Executive Perspective: Database Directions
More real-time data, more demands on that data, and a world where cloud computing and data is now mainstream. How do these trends affect what's ahead for databases and database management? Yugabyte's CTO, Karthik Ranganathan, shares his ideas.
- By James E. Powell
- May 15, 2020
Upside: How has the proliferation of data and data types shaped the evolution of the database?
Karthik Ranganathan: Today, operating internet-scale apps has become the norm for many businesses. However, the evolution to get here, from beginning to end, involved nearly a complete metamorphosis of many of the underlying technologies -- including databases -- used along the way. Before the internet, businesses had apps and data (and Rolodexes and paper memos and Oracle v3), but the environment and the stakes have completely changed now that businesses overwhelmingly deliver their services -- or important aspects of their services -- online.
Back in the day, if a service went down, it was possible for businesses to creatively work around outages for a period of time. Today, a company's reputation is almost synonymous with the online services it delivers, and if a service doesn't work (or doesn't work as expected), the consequences can be severe. Now that microservices are the norm for delivering digital experiences, the data feeding those services is critical. Data -- and there's more of it now than ever before -- needs to be highly available, on demand, and without a detectable delay to the services it feeds. That said, the evolution of the database and the evolution of data both follow the life of an application itself.

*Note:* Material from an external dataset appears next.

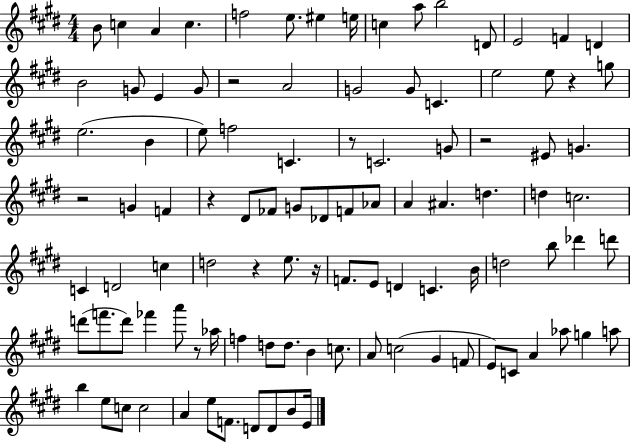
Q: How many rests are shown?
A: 9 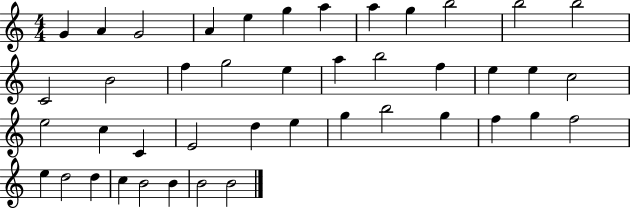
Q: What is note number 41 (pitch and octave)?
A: B4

Before the internet and in the beginnings of the internet era, data existed in monoliths and relied on a relational database management system (RDBMS). As the internet became mainstream, and with the introduction of microservices, the demand for scale led many to NoSQL databases. Today, we live in a mainstream cloud world where microservices are cloud native, and we are beginning to see a shift away from NoSQL (where developers have to compromise on speed or performance) to distributed SQL (which is built for these cloud-native applications).
What's the most competitive approach to database management today? What's the most innovative/aggressive?
Online services are becoming the core essence of most organizations, and as a result, "delighting the user" is a common mandate. This includes providing a high-performance experience that rivals or exceeds that of the competition while keeping costs accessible for the enterprise. To that end, the most competitive and aggressive approach to database management is to improve performance (reduce latency, increase throughput, and eliminate downtime) at every layer within the application, including the data tier. This also needs to include the evaluation and implementation of an architecture that helps keep infrastructure costs to a minimum.
For example, we work with Plume, a whole-home mesh Wi-Fi system that intelligently manages the internet service for all devices and rooms in your home. Their legacy database, MongoDB, could no longer handle the increasing volumes of event data Plume's customer base was generating, and operating and managing MongoDB at scale was too time-consuming. The company tried switching to Apache Cassandra, but this increased expenses and required significant operational resources, not to mention delivered high latency due to an unpredictable data infrastructure.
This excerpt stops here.